Quello che nel 2020 è stata una necessità dettata dall’emergenza media nel 2024 è diventata quindi una comodità ovvia, offerta (sempre con alcune differenze) praticamente da tutti gli stati: soltanto in New Hampshire, Mississippi e Alabama non si può. La flessibilità di poter votare senza folla, nella giornata più comoda, o di farlo per posta (ricevendo in molti stati automaticamente la scheda elettorale a casa), è stata sfruttata ampiamente - forse sarebbe sorprendente il contrario. Alle mie domande sui timori di frode ho raccolto sguardi stupiti: lo abbiamo fatto spesso, il sistema funziona, è comodo, dov’è il problema? In effetti, nonostante Trump abbia seminato i dubbi sul sistema, è stato proprio il partito Repubblicano quest’anno a puntare moltissimo sul voto anticipato, invitando i suoi elettori (che storicamente non lo facevano) a mettersi in file presto a farlo in tutti gli stati ancora contesi.

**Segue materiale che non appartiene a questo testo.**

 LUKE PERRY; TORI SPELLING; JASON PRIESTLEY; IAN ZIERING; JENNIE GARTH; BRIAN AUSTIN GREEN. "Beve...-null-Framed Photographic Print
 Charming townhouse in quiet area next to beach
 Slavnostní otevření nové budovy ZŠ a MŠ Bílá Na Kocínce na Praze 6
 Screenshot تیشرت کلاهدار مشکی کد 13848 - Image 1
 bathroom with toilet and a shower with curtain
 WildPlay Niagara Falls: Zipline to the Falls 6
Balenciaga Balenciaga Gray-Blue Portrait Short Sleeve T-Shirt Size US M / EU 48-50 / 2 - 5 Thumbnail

A Washington 25 seggi elettorali hanno aperto il 28 ottobre e chiuso ieri (domenica 3 novembre), mentre restano a disposizione 55 mail ballot drop boxes - cassette postali che fino a martedì raccoglieranno le schede (che si possono anche spedire per posta e che sono valide se timbrate entro il 5 novembre). Le cassette (o meglio i cassoni) sono all’aperto, davanti a biblioteche o centri civici; sono chiuse con un lucchetto e le schede vengono raccolte due volte al giorno da funzionari elettorali e portate al sicuro: verranno contate il giorno delle elezioni. I funzionari con cui parlo sembrano anche loro un pochino stupiti dalle mie domande sulla sicurezza delle schede. Raccontano che quest’anno c’è molto interesse mediatico per un sistema che ha sempre funzionato. D’altronde il contratto sociale americano è ancora molto basato sulla fiducia (in molti stati ad es. non serve avere un documento di identità per votare) - un sistema che viene messo a dura prova quando fomentare il sospetto è la forma principale di azione di una parte politica. Se sopravviverà: è questa la posta in palio di questo voto.

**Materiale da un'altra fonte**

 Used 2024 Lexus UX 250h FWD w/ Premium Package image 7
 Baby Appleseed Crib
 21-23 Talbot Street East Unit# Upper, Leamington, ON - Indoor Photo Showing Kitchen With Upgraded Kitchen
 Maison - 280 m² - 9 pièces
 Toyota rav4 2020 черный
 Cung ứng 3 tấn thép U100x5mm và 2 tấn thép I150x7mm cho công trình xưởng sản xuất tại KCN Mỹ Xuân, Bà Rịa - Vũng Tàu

Benvenuti quindi non a una giornata elettorale ma a una stagione elettorale nella quale vengono ora calcolate anche le giornate che serviranno per avere i risultati : in molti pensano che non si conosceranno prima di diversi giorni e che, in ogni caso, i ricorsi già pronti da parte repubblicana forzeranno una lunga, drammatica attesa. Se e come il voto anticipato stia favorendo Trump o Harris è oggetto di lunghissime analisi dei pollster: se votano di più le donne, le zone rurali, quelli con un college degree, quelli registrati come democratici o repubblicani, quelli nei sette stati che decideranno le elezioni. Per tutti gli altri di anticipato c’ è solo l’aumento infinito dell’ansia.